J’ai regardé Bob. Il était assis près de la porte. Il ne me quittait pas des yeux et il avait l’air très malheureux. Quand il m’a vu prendre mon manteau il s’est mis à faire le fou autour de moi. Il a même bousculé Marie qui a ronchonné.

Aussitôt dans la cour, il a flairé et pris la trace de Léandre. J’avais déjà remarqué que lorsque Léandre était dehors, il voulait toujours que nous allions le rejoindre. Mais je l’ai rappelé et je suis partie dans la direction opposée. Léandre était trop loin, et je ne voulais pas être obligée de surveiller Bob sans arrêt.

Au fond, ce qu’il voulait, surtout, c’était pouvoir courir librement et une fois perdue la trace de son maître, je crois qu’il ne pensait plus à le rejoindre.

J’ai emprunté le sentier qui mène à la route mais, bien avant d’y arriver, j’ai pris à droite, dans le bois de châtaigniers qui descend presque jusqu’au fond du val. Sous bois, je sentais moins le vent et je l’entendais davantage faire le fou dans les branches au-dessus de ma tête.

Je le sentais moins, mais assez malgré tout pour avoir encore cette même sensation que la veille. À la fin, cela m’agaçait. J’ai joué avec Bob. Je lui lançais des branches qu’il me rapportait. Quand je les prenais il ne voulait pas lâcher et nous luttions pendant plusieurs minutes.
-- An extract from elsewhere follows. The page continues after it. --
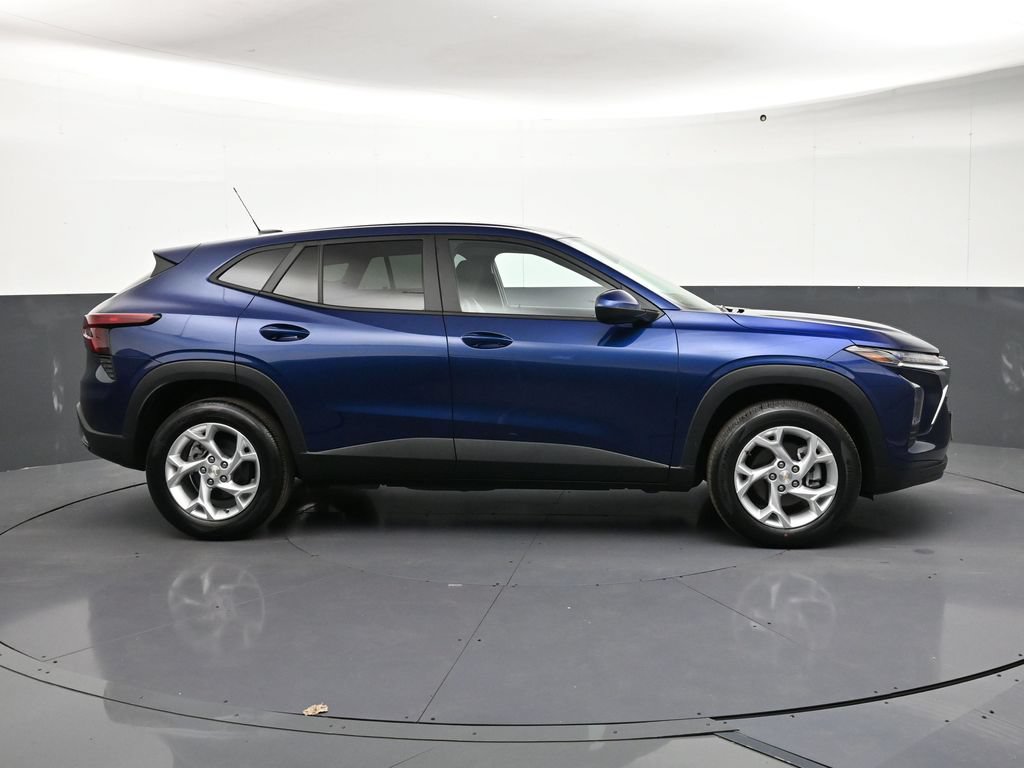 Certified 2024 Chevrolet Trax LS w/ LS Convenience Package FWD image 6
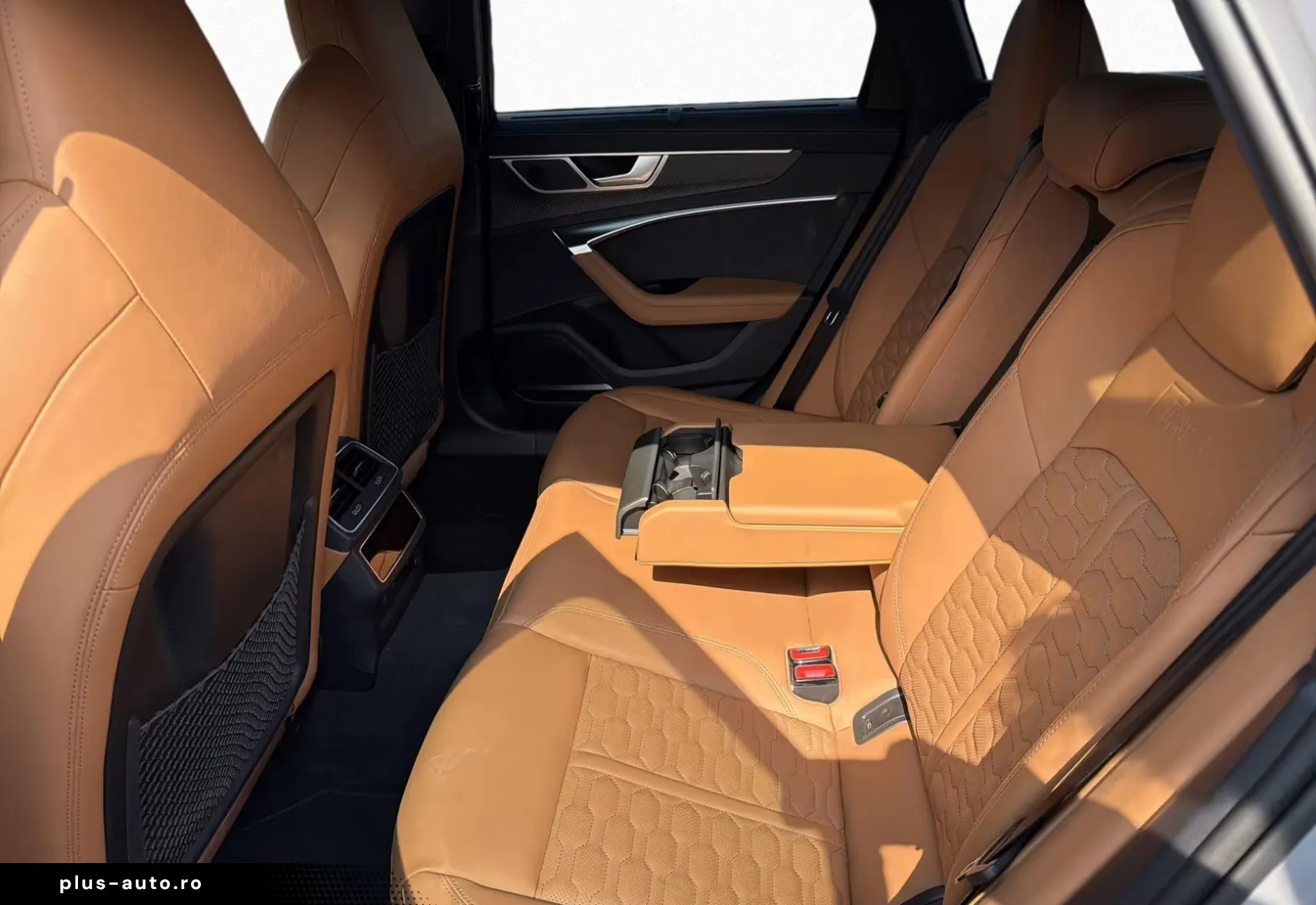 AUDI RS6 Avant Quattro 305kmh Ceramic AHK Pano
Une fois, j’ai glissé sur une racine, je suis tombée dans les feuilles. D’abord surpris, Bob n’a pas bougé ; puis croyant sans doute que je voulais jouer, il s’est jeté sur moi juste au moment où je me relevais. Je suis retombée. Je le tenais serré contre moi. Nous avons roulé dans les feuilles. J’ai senti son souffle chaud dans mon cou. Alors, sans réfléchir, je l’ai repoussé en lui donnant une claque sur le museau. J’ai crié :

— Va-t’en !

Sur le coup il s’est éloigné de quelques pas.

Tandis que je me relevais en brossant mon manteau, il m’a regardée avec ses yeux tristes, et, comme chaque fois, il m’a fait pitié. Je l’ai caressé et je me suis remise à lui lancer des branches.

Nous sommes descendus ainsi jusqu’au ruisseau. Là, le vent ne soufflait presque plus. Je me suis assise au pied d’un arbre. La marche et les jeux avec Bob m’avaient essoufflée. J’ai été calme pendant un moment. Bob aussi devait être essoufflé car il a bu longuement au ruisseau. Quand il a eu fini, il a secoué sa grosse tête en faisant gicler de la bave. Ensuite, il est venu s’asseoir contre moi. J’ai encore senti son souffle sur ma figure, sa patte qu’il posait sur ma cuisse. Je ne l’ai pas grondé, cette fois, mais je me suis levée et j’ai repris le chemin de la maison.